Resoluções do Conselho Universitário

Economia virtuosa

De acordo com tese desenvolvida no Cedeplar, sucesso da cultura do açaí, que se baseia no conhecimento popular, traz lições valiosas para o processo produtivo brasileiro

Itamar Rigueira Jr.

Pouca gente sabe, mas há muito tempo, em Belém, capital do Pará, muito antes de virar moda no resto do Brasil e no exterior, o açaí (mais precisamente, o caldo grosso da polpa da fruta) é comido cotidianamente com farinha de mandioca e uma carne frita, que pode ser de peixe, frango ou boi. O pequeno fruto roxo – cultivado principalmente no Pará, no Amazonas e no Amapá – é, na verdade, um item corriqueiro da alimentação regional popular, herança de populações indígenas que já o plantavam e consumiam havia quase dois milênios, pelo menos.

O desconhecimento sobre a história e os hábitos regionais relacionados ao açaí, que ampliou sua fama depois que começou a ser exportado, suscita reflexões sobre o desperdício de oportunidades de se tirar partido do conhecimento e das práticas do cotidiano para incrementar as economias locais, inclusive por meio da exportação. Em tese defendida na Faculdade de Ciências Econômicas, o economista e historiador Harley Silva descreve as origens e o funcionamento da economia do açaí para propor alternativas de desenvolvimento que explorem, sem destruir, ambientes como a floresta tropical.

"A natureza é uma força produtiva com a qual perdemos grande parte do nosso vínculo. As monoculturas na Amazônia derrubam grandes porções de floresta sem que se saiba o que se está perdendo", afirma o pesquisador. "Há uma riqueza imensa que poderia ser inserida na vida econômica. Mas isso exige que se olhe para o patrimônio natural de maneira bem informada, não apenas sob o viés científico. É preciso respeitar e escutar as populações locais."

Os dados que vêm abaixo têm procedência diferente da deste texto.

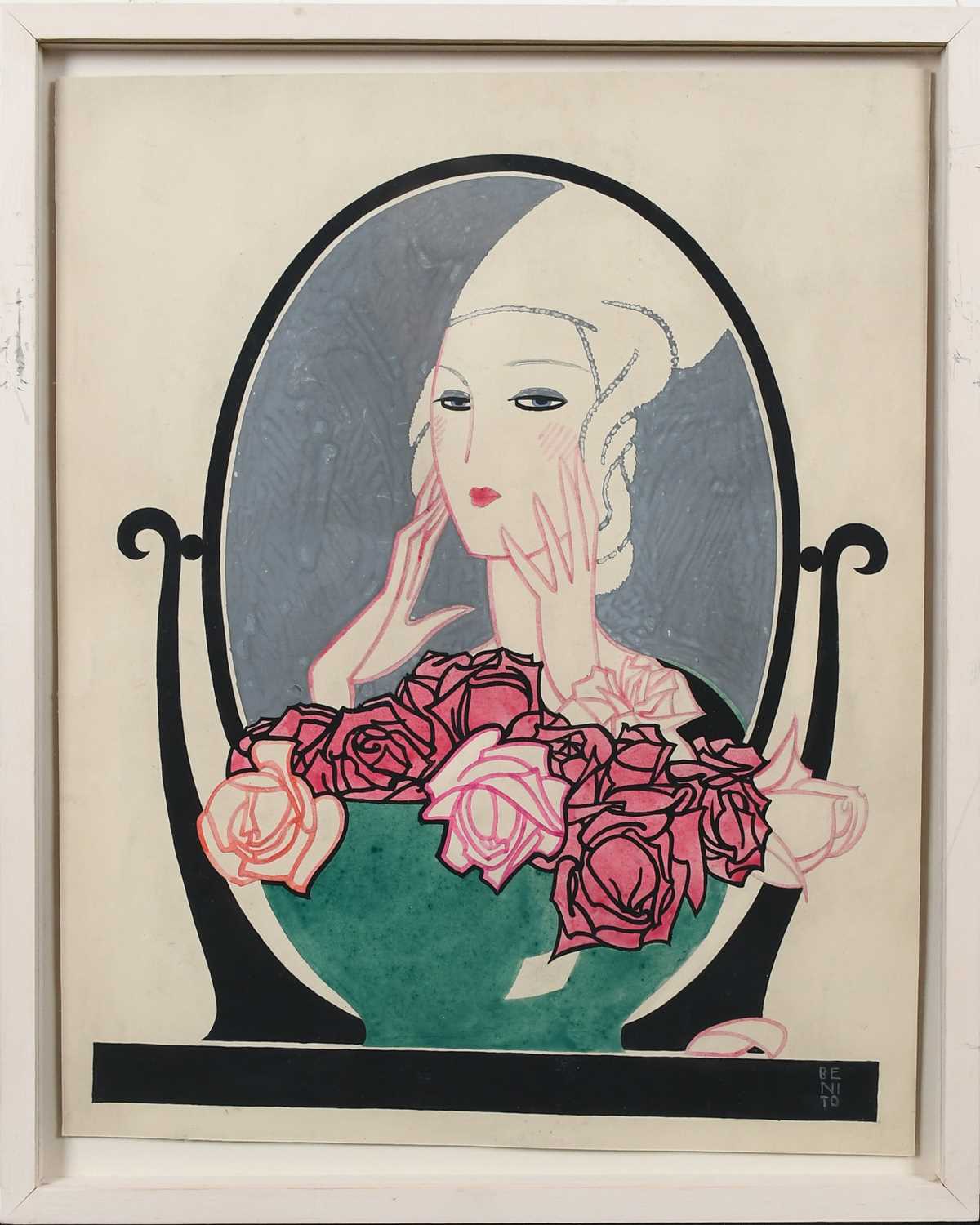 Φ Eduardo Benito (Spanish 1891-1981) Magazine cover design with an elegant lady looking at herself - Image 2 of 4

Domesticada pelos povos pré-colombianos há pelo menos mil anos, a palmeira do açaí, nativa da Amazônia, passou a ser fonte de alimento das populações ribeirinhas, e o hábito do consumo chegou a Belém, no bojo do grande crescimento da capital paraense, fomentado em grande parte pela migração, sobretudo na década de 1970.

Mediação urbana

Harley Silva, que foi orientado pelo professor Roberto Monte-Mór, dedica parte significativa do seu trabalho a demonstrar o papel da cidade na consolidação da economia do açaí. "A cultura começou a ser consolidada, por exemplo, com o aperfeiçoamento da despolpadeira (que separa a polpa do caroço) e com a formação de uma rede de distribuição popular formada por pequenas lojas, nos bairros populares de Belém", explica Harley, que passou um mês na capital paraense realizando entrevistas, aplicando questionários e observando os diversos aspectos da economia do açaí. Ele salienta que mesmo os povos antigos já se reuniam em grandes grupos na floresta, onde não apenas se amontoavam, mas reuniam e transmitiam conhecimentos sobre a biodiversidade. "Esses povos cultivaram e intervieram na floresta, ao longo de milhares de anos. Também por isso, não faz sentido falar em natureza intocada, nos moldes do discurso ambientalista focado apenas nas noções de conservação e proteção", diz o pesquisador.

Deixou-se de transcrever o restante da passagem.